Problem description
Your job is to transcribe all the records that follow, excluding any pictures.

Raw data
"""

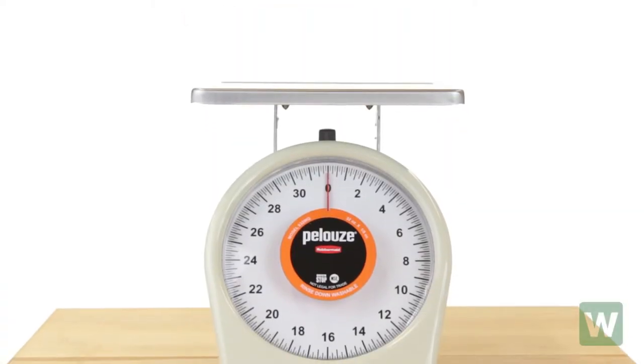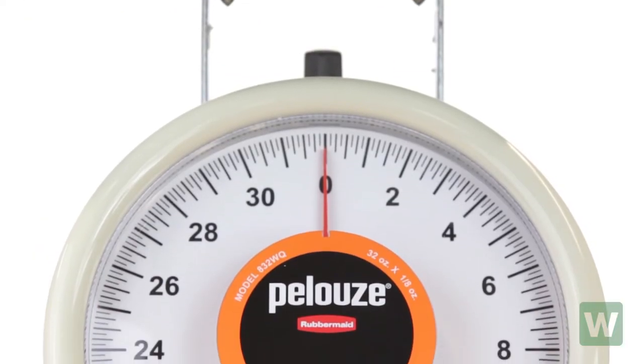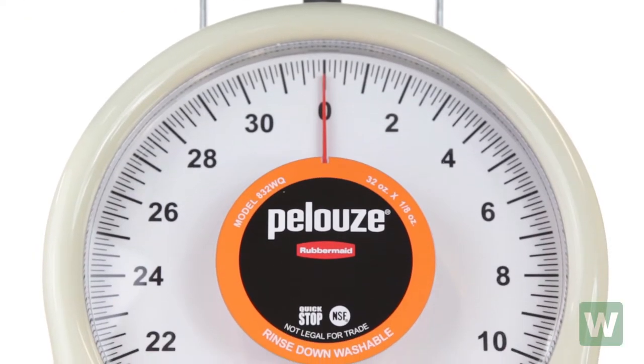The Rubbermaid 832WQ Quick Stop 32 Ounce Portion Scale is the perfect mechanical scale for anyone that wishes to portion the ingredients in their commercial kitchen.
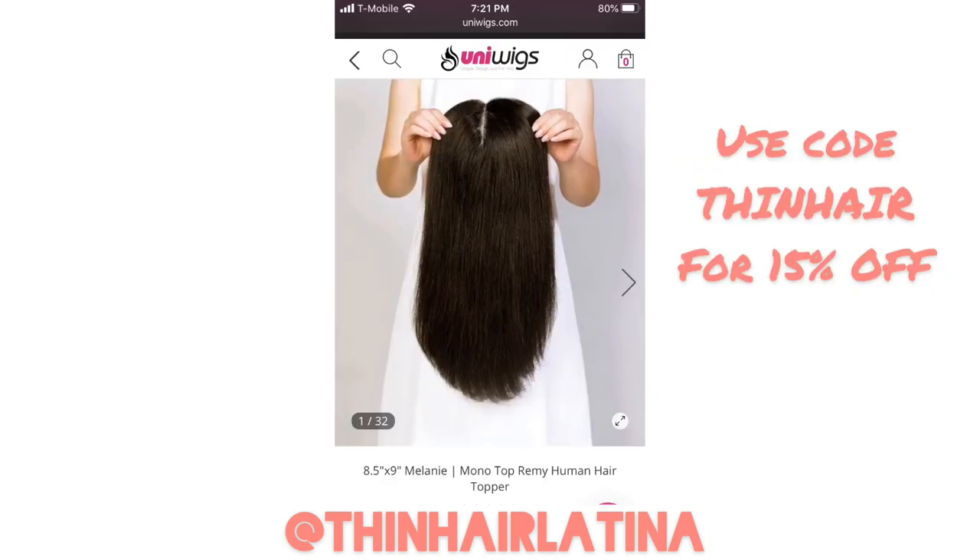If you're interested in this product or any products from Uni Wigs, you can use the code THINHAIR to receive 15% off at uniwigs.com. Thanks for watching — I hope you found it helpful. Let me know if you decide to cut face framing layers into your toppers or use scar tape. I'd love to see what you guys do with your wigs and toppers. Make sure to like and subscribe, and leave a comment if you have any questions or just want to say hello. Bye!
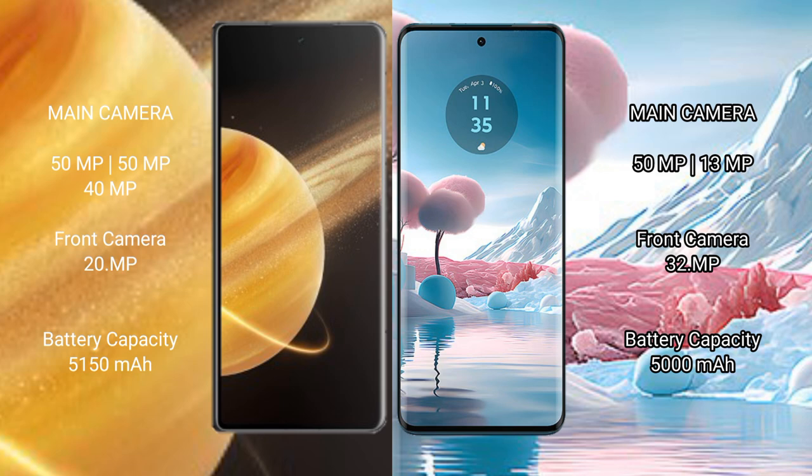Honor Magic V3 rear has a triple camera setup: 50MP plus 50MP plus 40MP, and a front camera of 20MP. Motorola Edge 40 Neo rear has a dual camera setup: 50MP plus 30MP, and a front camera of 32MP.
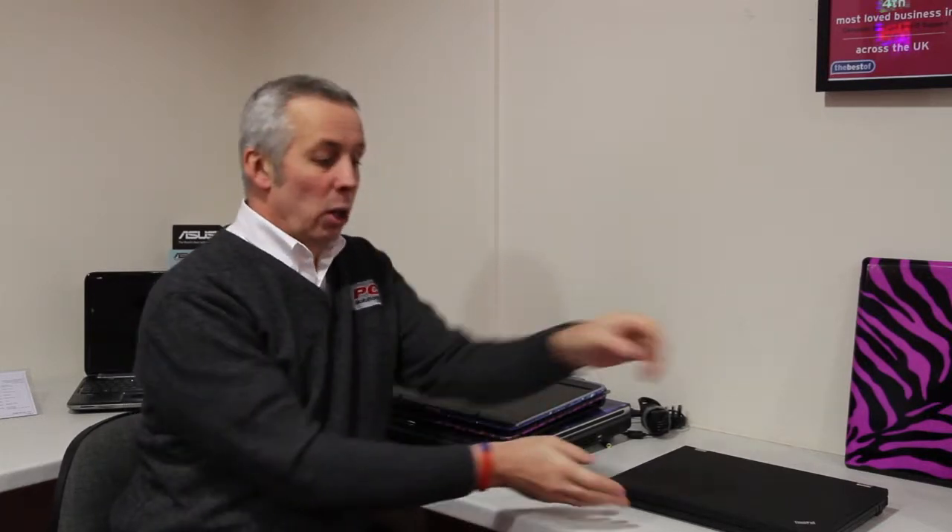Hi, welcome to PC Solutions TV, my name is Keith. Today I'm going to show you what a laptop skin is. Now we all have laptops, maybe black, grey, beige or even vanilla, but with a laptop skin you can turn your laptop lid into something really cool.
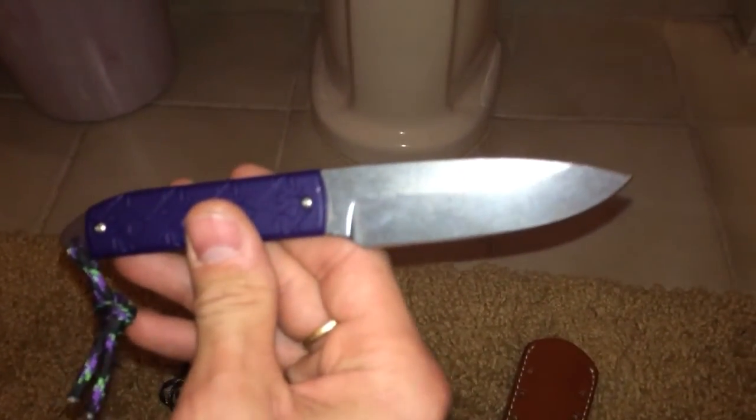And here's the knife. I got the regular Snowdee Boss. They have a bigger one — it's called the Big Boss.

"""

Solution for this exercise
The Rubbermaid 832WQ Quick Stop 32 Ounce Portion Scale is the perfect mechanical scale for anyone that wishes to portion the ingredients in their commercial kitchen.
If you're interested in this product or any products from Uni Wigs, you can use the code THINHAIR to receive 15% off at uniwigs.com. Thanks for watching — I hope you found it helpful. Let me know if you decide to cut face framing layers into your toppers or use scar tape. I'd love to see what you guys do with your wigs and toppers. Make sure to like and subscribe, and leave a comment if you have any questions or just want to say hello. Bye!
Honor Magic V3 rear has a triple camera setup: 50MP plus 50MP plus 40MP, and a front camera of 20MP. Motorola Edge 40 Neo rear has a dual camera setup: 50MP plus 30MP, and a front camera of 32MP.
Hi, welcome to PC Solutions TV, my name is Keith. Today I'm going to show you what a laptop skin is. Now we all have laptops, maybe black, grey, beige or even vanilla, but with a laptop skin you can turn your laptop lid into something really cool.
And here's the knife. I got the regular Snowdee Boss. They have a bigger one — it's called the Big Boss.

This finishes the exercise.